Records from a data source

####################

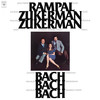 I. Allegro (Remastered) - Jean-Pierre Rampal&Johann Christian Bach&Eugenia Zukerman&Pinchas Zukerman&Charles Tunnell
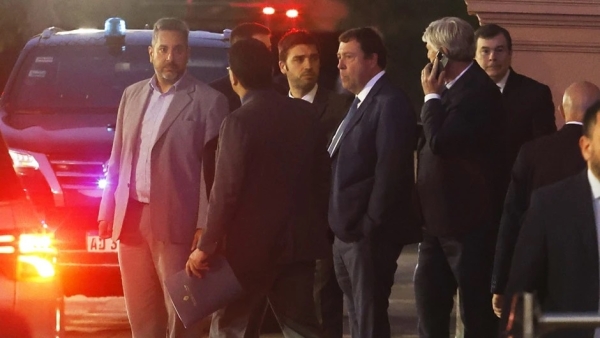 Los gobernadores creen que la reforma de Milei s&oacute;lo es un gui&ntilde;o al mercado y que no generar&aacute; empleos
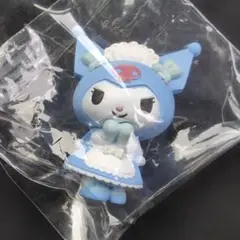 スイートロリータマスコット クロミ 水色ver ガチャ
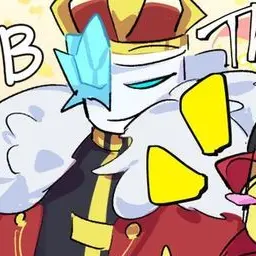 Profile image of 크루엘킹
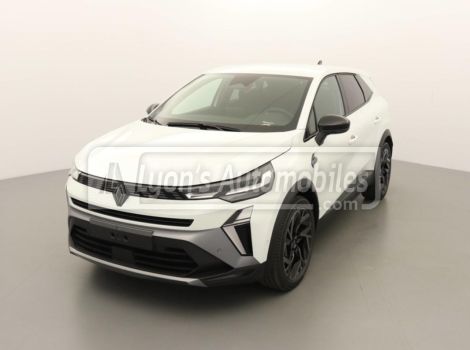 Renault SYMBIOZ ESPRIT ALPINE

####################

**Exercise objective:** All entries should be reproduced exactly; no picture belongs in the result.

**Result of the exercise:**
 I. Allegro (Remastered) - Jean-Pierre Rampal&Johann Christian Bach&Eugenia Zukerman&Pinchas Zukerman&Charles Tunnell
 Los gobernadores creen que la reforma de Milei s&oacute;lo es un gui&ntilde;o al mercado y que no generar&aacute; empleos
 スイートロリータマスコット クロミ 水色ver ガチャ
 Profile image of 크루엘킹
 Renault SYMBIOZ ESPRIT ALPINE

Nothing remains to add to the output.